Yürüme Mesafesi Darbelerimiz (Bab-ı Âli Baskını ve 28 Şubat) / Fatma Sibel YÜKSEK (GÜRCİHAN)

Yürüme Mesafesi Darbelerimiz (Bab-ı Âli Baskını ve 28 Şubat) / Fatma Sibel YÜKSEK (GÜRCİHAN)

İletigönderen Oğuz Kağan » Pzt Nis 16, 2012 16:26

Yürüme Mesafesi Darbelerimiz (Bab-ı Âli Baskını ve 28 Şubat)

Darbeler tarihimizin en ironik örneği, kuşkusuz kimi tarihçiler tarafından "ilk darbe" olarak nitelenen Bab-ı Âli baskınıdır.

Edirne'nin Bulgaristan'a masabaşında verilmesine pek içerleyen ittihatçılar, partinin Nuruosmaniye'deki genel merkezinde Kıbrıslı Mehmet Kâmil Paşa hükümetini devirmek için sabaha kadar konyak içip darbe planı yaptılar. "Yarın bu işi elimize yüzümüze bulaştırırsak, çingene boynumuza ilmeği şöyle geçirir, böyle geçirir" diyerekten de kendileriyle kafa buldular.

Gün ışıyınca harekete geçildi. Sabaha kadar gülmekten ve içmekten gevşemiş olan darbecileri Talat Paşa boğazını kazıdıktan sonra uyardı:

"Kesin şakayı bakayım, ihtilal yapmaya gidiyoruz!"

Derken, yürüme mesafesindeki hükümet konağına doğru tekbir sesleri eşliğnde harekete geçilir. Bab-ı Âli esnafı arasına ne olur ne olmaz diyerekten elli altmış kadar ittihatçı yerleştirilmiştir. Bu vazifelilerden Yenişehirli Haydar, o esnada Bab-ı Âli'nin karşısındaki köşede bir arkadaşıyla tavla oynamaktadır. Önde kısa boyuyla Enver olmak üzere on-onbeş kişilik ittihat kadrosunun hükümeti devirmeye gittiğini görünce, "Kalk! Şu işi bitirelim de gelir partiyi tamamlarız cancâzım" diyerek tavlayı kapatır.

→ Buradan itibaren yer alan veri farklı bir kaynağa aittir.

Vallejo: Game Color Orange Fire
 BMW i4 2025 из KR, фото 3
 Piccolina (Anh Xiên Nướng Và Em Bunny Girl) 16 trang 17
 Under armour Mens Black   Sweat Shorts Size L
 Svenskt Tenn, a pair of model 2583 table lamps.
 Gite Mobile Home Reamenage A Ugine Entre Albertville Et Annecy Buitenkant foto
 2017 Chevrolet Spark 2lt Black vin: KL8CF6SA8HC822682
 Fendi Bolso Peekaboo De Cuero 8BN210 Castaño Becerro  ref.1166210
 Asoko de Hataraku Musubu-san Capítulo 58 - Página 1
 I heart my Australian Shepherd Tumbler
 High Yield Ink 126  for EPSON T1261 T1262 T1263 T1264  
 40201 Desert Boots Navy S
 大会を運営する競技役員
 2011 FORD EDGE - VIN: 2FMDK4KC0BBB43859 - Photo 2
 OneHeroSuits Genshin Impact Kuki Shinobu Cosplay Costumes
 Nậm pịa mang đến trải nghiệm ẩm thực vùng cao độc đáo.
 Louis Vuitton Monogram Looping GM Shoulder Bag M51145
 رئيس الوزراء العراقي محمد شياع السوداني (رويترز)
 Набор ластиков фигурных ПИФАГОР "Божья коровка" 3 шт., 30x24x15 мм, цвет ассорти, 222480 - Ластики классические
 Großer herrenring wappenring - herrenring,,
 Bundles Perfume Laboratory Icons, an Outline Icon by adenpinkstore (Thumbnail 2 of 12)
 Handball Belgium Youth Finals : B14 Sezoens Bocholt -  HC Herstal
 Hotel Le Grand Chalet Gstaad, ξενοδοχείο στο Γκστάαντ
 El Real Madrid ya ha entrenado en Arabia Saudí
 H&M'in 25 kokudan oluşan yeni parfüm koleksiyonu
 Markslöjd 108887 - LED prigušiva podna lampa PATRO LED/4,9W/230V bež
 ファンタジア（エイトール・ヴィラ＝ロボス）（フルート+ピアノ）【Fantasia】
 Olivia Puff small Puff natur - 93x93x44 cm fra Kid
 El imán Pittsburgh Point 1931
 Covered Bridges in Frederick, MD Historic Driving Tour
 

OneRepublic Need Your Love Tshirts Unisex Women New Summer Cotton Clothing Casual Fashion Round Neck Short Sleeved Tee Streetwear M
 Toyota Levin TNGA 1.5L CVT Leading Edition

(Tarihçilerin çoğunluğu, Enver Paşa'nın İttihat ve Terakki merkezi ile hükümet konağı arasındaki 200 metrelik mesafeyi bir kıratın üzerinde gittiğini yazar. Bu güdük darbeyi ihtişamlı göstermek ve Enver'in kısa boyunun darbenin ceberrutluğunu perdelemesine engellemek isteyenler bu yalanı uydurmuş olabilir. Kemal Tahir'e göre düpedüz yürüyerek gittiler!)

Hükümet toplantı halindeyken basılır. Silahına davranan Sadaret Yaveri Ohrili Nafiz Bey, Yakup Cemil'in tabancasından çıkan kurşunla oracıkta vurulur.

Bu arada ittihatçılar, önceden yerleştirilmiş altmış militana halktan eklenenler de olur diye umutlandılarsa da böyle bir şey olmamış, halkımız her zaman olduğu gibi ilk darbede de darbecileri yalnız bırakıp ancak olay başarıyla sonuçlanınca arkalarına geçmiştir..

Yine tarihçiler, Harbiye Nazırı Müşir Nazım Paşa'nın "Ne oluyor" diyerekten ve de darbecilere direnmek üzere balkona çıktığını, ancak bu kahraman adamın balkona çıkmasıyla Yakup Cemil tarafından alnının ortasından vurulduğunu yazarlar.

Normal şartlarda Müşir Nazım Paşa'nın darbeye direnen ilk kahraman sivil olarak tarihe geçmesi ve bugünkü darbe yiğitleri Tayyip Erdoğan ve Bülent Arınç gibi şanlı isimler arasında yerini almış olması gerekirdi. (ki bu ikisinin darbelere nasıl direndikleri hâlâ muammadır...12 Eylül'de bakkal dükkanı işletip etliye sütlüye karışmazken, 28 Şubat'ta tankın üzerine çıkmayı akıllarından bile geçirmemişlerdir)

Böyle bir şey olamadı, çünkü Müşir Nazım Paşa'nın darbecilerle işbirliği halinde olduğuna dair tarihe bir şüphe notu düşülmüştür. Bu talihsiz nota göre, Nazım Paşa balkonda vurulmadı.. İttihatçıların erken harekete geçtiğine kızıp kendilerini tekdir etmek üzere koridora çıktı. Hatta, rütbece kendilerinden pek üstün olan Paşa'nın koridorda belirdiğini gören darbeciler, Enver başta olmak üzere hazrola geçtiler. Paşa, Enver'e çıkıştı:

"Ben size pazartesi günü gelin demedim mi pezevenkler!"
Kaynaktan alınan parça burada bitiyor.